Support foreign keys property

ChasNelson1990 commented 1 year ago

Context:

We have multiple CKAN datasets that are composed of a set of resources.
In each of these datasets, one of these resources is a list of geographical regions.
All other resources in these datasets include a column for geographical region.
We want to use the foreignKeys prop (https://specs.frictionlessdata.io/table-schema/#foreign-keys) in frictionless to ensure that the choices in said column are present, and only present, in the geographical regions resource.

Good news:

This is supported upstream by frictionless :tada:

Less good news:

It requires treating two tables and two schemas as one Data Package

Idea No. 1:

One way to implement this is that the ckanext-validation could check schemas for foreignKeys and, if found, bundle both tables and both Table Schemas and send it all to frictionless's validate with type=package, e.g. we could have a _validate_data_package to match https://github.com/frictionlessdata/ckanext-validation/blob/9c23581d34289536139cc81f7b7ddb756dab64f6/ckanext/validation/jobs.py#L139

Idea No. 2:

An alternative is to have an entirely parallel set of package actions, e.g. https://github.com/frictionlessdata/ckanext-validation/blob/9c23581d34289536139cc81f7b7ddb756dab64f6/ckanext/validation/logic.py#L68 becomes package_validation_run and in these actions we treat the whole CKAN dataset (plus schemas) as a frictionless Data Package

We have a small amount of time to dedicate to this and would like to make a change that can be merged here (rather than maintaining our own fork) and so we'd really appreciate thoughts and ideas from existing maintainers and contributors.

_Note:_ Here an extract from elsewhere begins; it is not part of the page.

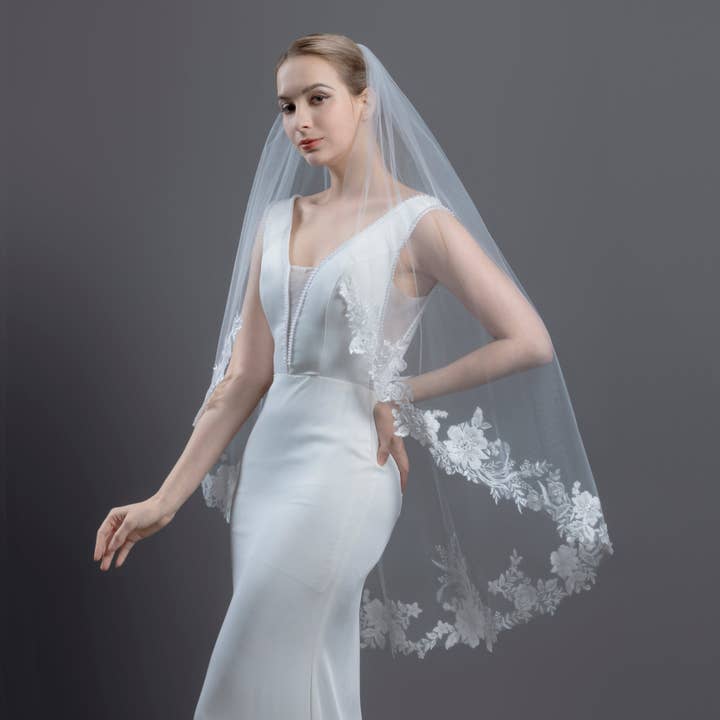 Voile de mariée à bord brut avec dentelle florale en vigne et strass, tulle illusion fine, longueur au bout des doigts, longueur genou, FS6225 pour la vente par Farinosa Bridal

All thoughts welcome :smile:

aivuk commented 1 year ago

Hi @ChasNelson1990, thanks for your idea and it makes sense to have this feature. We are currently working in a new update for the ckanext-validation that is going to be released still this week, then I would suggest you to first wait for the PR to be merged before starting working on it.

Regarding how to implement it, I still need to think a bit on the best approach but I'm prone to the idea no. 1. Let's see what @amercader has to say about it.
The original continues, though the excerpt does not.